Case 1: Liquid Sorbent DAC in California (U.S. grids, natural gas with recapture)
In this scenario, a liquid-based DAC facility operates in California, using grid electricity and heat from natural gas with carbon recapture. This means that CO2 produced by the natural gas in the high-temperature sorbent regeneration process is also captured and stored along with the atmospheric CO2. The plant has a capture capacity of 100 ktCO₂/year and is designed to run 85% of the time over a 20-year lifetime.
Key findings
| Energy Inputs | |
|---|---|
| Electricity | 1.23 MJ/kg CO₂ |
| Heat | 6.28 MJ/kg CO₂ |
| Total Lifecycle Emissions | 383.2 gCO₂e per kg CO₂ stored |
| Largest Emission Sources | Heat (244.7 gCO2e per kg CO2), electricity (70.2), and chemicals (21.34) |
| Total CO₂ Stored | 109.57 ktCO₂/year, of which 85 ktCO2/year is atmospheric CO2 |
This case illustrates the emissions burden associated with fossil fuel-based heat, even with recapture, and the significant impact of energy inputs on the total carbon balance. CO2 and methane emissions from the natural gas supply chain contribute over 30% of the total lifecycle emissions. Other uncaptured emissions associated with natural gas combustion for heat could potentially be abated using lower-carbon sources of heat.
Case 2: Solid Sorbent DAC in France (with grid electricity and heat from nuclear power)
A second scenario models a solid-based DAC facility located in France, leveraging France’s low-carbon grid electricity and drawing heat from the steam cycle of a nuclear power plant. For the solid process, the user can also choose from several different sorbents, and the basic case of silica-supported amines is selected here. The plant retains the same capture capacity (100 ktCO₂/year) and operational parameters as in Case 1.
Key findings
| Energy Inputs | |
|---|---|
| Electricity | 2.52 MJ/kg CO₂ |
| Heat | 11.9 MJ/kg CO₂ |
| Total Lifecycle Emissions | 79.66 gCO₂e per kg CO₂ stored |
| Largest Emission Sources | Chemicals (24), electricity (36.22), and storage (6.11) |
| Total CO₂ Stored | 85 ktCO₂/year |
This scenario highlights the benefit of low-carbon electricity sources, such as nuclear energy, in minimizing lifecycle emissions. The emissions are nearly four times lower than in Case 1, underscoring how energy sourcing significantly influences DAC’s climate impact.
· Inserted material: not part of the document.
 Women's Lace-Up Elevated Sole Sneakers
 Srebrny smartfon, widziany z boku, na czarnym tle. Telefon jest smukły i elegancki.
DAC‐LAT is designed to help you see the bigger picture: that while a DAC facility can remove carbon from the atmosphere, there can be stark differences between just how effective a facility will be at delivering ‘net removals’. With limited time and resources, it is paramount to make an effective use of both. Deciding what DAC technology to choose and where to place the facility are crucial, and we hope this tool can inform those choices by highlighting promising countries and regions for deploying DAC as well as the importance of comprehensive lifecycle analysis when designing standards.